Data saya ambil untuk tahun 2013 – yaitu data full year terbaru yang ada saat tulisan ini dibuat, dibandingkan dengan data sepuluh tahun sebelumnya. Hasilnya kemudian saya sajikan dalam bentuk table berikut.


Import Beberapa Bahan Pangan, diolah dari data BPS

Yang saya beri tanda merah adalah kategori red alert – yaitu peringatan darurat yang terkait dengan peningkatan kwantitas komoditi yang di impor atau kenaikan harga yang melebihi inflasi rata-rata kita.

Untuk kwantitas pembandingnya adalah pertumbuhan jumlah penduduk kita.
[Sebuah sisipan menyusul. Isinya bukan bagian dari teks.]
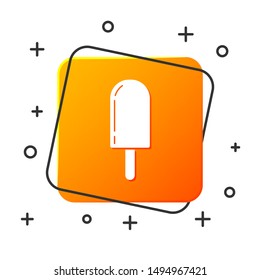 White Ice cream icon isolated on white background. Sweet symbol. Orange square button. Vector Illustration
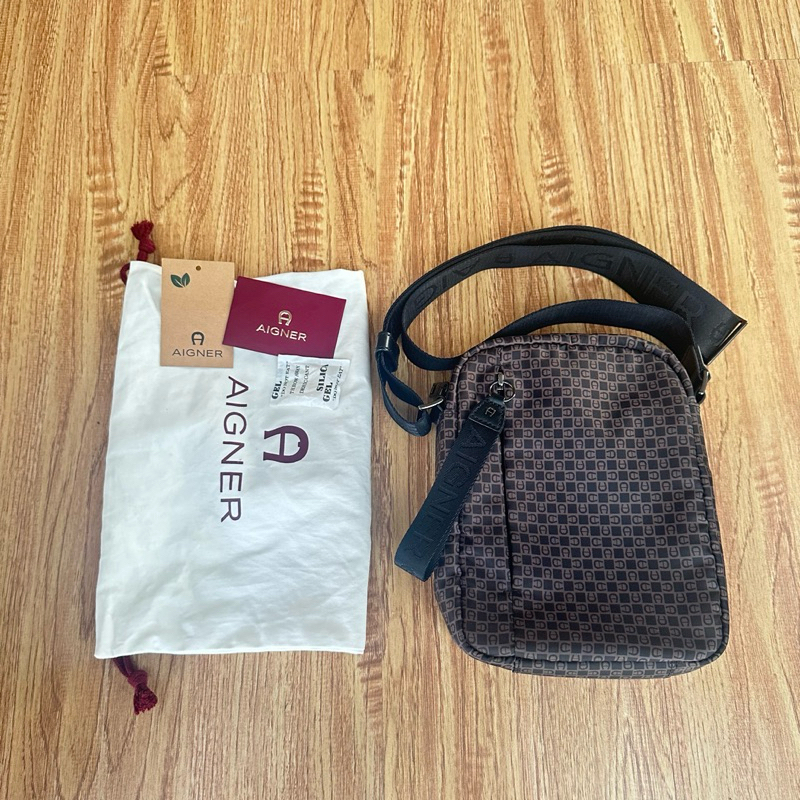 Tas Slingbag Pria Aigner Nico S Dadino Brown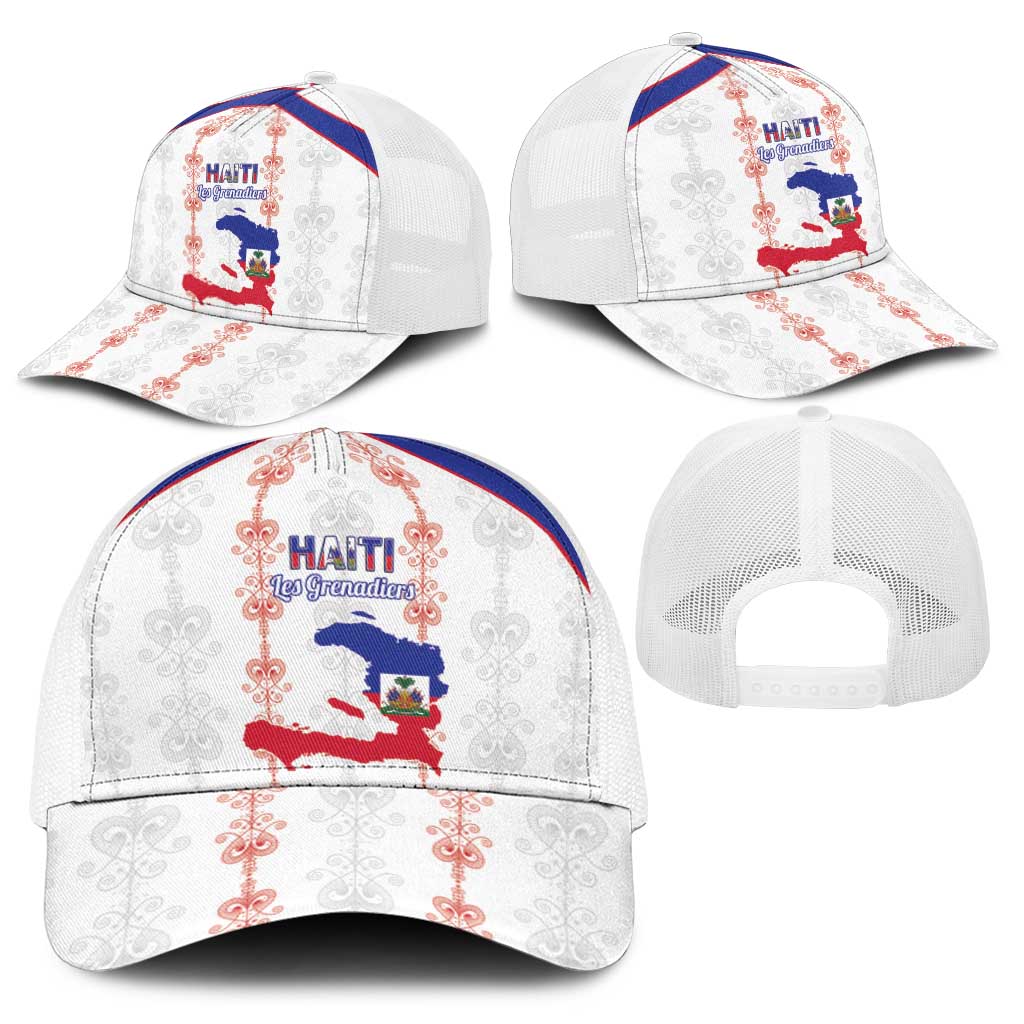 Haiti Football Baseball Net Cap Les Grenadiers Veve Vodou White - Wonder Print Shop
Dengan jumlah penduduk kita 216 juta orang (2004) dan 244 juta (2013) atau mengalami pertumbuhan rata-rata 1.25% per tahun, maka seandainya pertumbuhan komoditi yang diimpor itu seiring dengan pertumbuhan penduduk – maka selama sepuluh tahun ini harusnya tidak bertambah lebih dari 13% secara kumulatif.

Untuk kenaikan harga, dengan asumsi inflasi rata-rata 6 % dalam Rupiah , mestinya kenaikan harga secara kumulatif 10 tahun terakhir tidak lebih dari 79%.  Dalam Dollar mestinya lebih rendah lagi dari ini karena tingkat inflasi Dollar yang lebih rendah dari Rupiah.
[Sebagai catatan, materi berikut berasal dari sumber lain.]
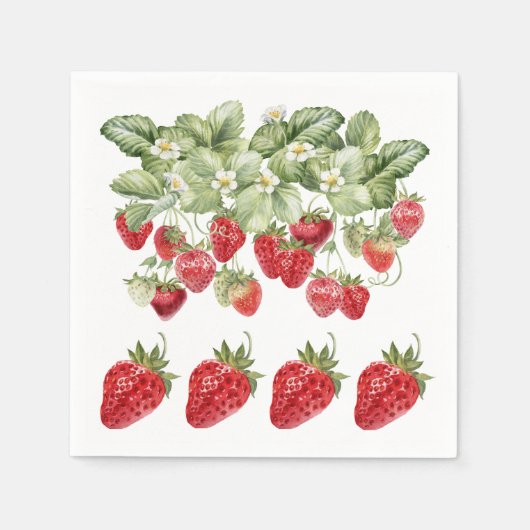 Serviette En Papier Fruit fraise Feuille Découpage (Devant)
Dengan dua kriteria tersebut, kita lihat di table, hampir secara keseluruhan kwantitas dan harga mengalami kenaikan melebihi tingkat pertumbuhan penduduk maupun angka kumulatif inflasi sepuluh tahun terakhir.

Hanya beras yang mengalami penurunan impor, ini sangat bisa jadi karena persepsi kita selama ini tentang swasembada pangan – ya swasembada beras tolok ukurnya – sehingga ya hanya beras ini yang dikejar. Padahal bisa kita lihat penghematan devisa dari penurunan impor beras itu sangat kecil bila dibandingkan dengan kenaikan impor bahan pangan lainnya.
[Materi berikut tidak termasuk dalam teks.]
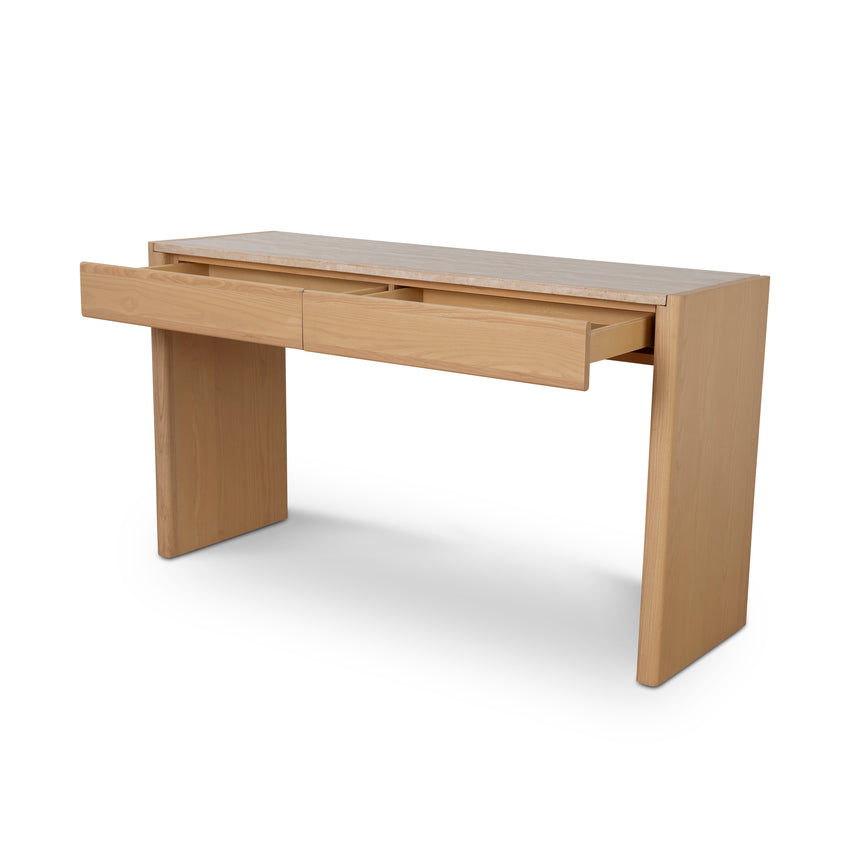 1.4m Travertine Top Console Table - Creme Ash - View 4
Kemudian impor daging – yang karena high profile – juga nampak menurun, tetapi ini hanya karena pindah dari impor daging ke impor sapi hidup yang jumlahnya malah jauh lebih besar dibandingkan dengan penurunan impor daging.

Impor sayur dan buah-buahan juga tumbuh sangat tinggi meskipun kenaikan harganya masih lebih rendah dari inflasi rata-rata kita. Bisa jadi karena buah dan sayur impor ini relatif murah sehingga pasar kita dibanjiri oleh sayur dan buah impor.

Yang menarik adalah impor jagung, yang naik menjadi lebih dari dua kali lipat sepanjang sepuluh tahun terakhir. Bila kenaikan kebutuhan gandum, daging sapi, sayur dan buah melebihi jumlah pertumbuhan penduduk – ini karena dengan semakin makmur manusia lebih banyak membutuhkan makanan yang lebih enak dan berkwalitas – tetapi apakah rata-rata  kita juga makan jagung lebih banyak ?

Kemungkinan besarnya ini karena jagung dibutuhkan untuk memberi makan ternak kita khususnya ayam. Ketika kebutuhan daging ayam dan telur dalam negeri meningkat, maka jumlah kebutuhan jagung juga ikut meningkat.

Secara umum agka-angka dalam table tersebut di atas sebenarnya juga mensyiratkan suatu fakta bahwa kita semakin membutuhkan produk pangan dari luar dengan harga yang tumbuh jauh melampaui akumulasi rata-rata inflasi kita, kita semakin tergantung pada impor dan semakin tidak punya daya tawar.

Situasi ketergantungan pada bahan pangan impor ini tidak boleh terus berlanjut karena kalau kita tidak berdaulat dalam pangan, kita juga bisa kehilangan kedaulatan yang lain. Lantas apa yang seharusnya dilakukan oleh pemerintah kedepan ?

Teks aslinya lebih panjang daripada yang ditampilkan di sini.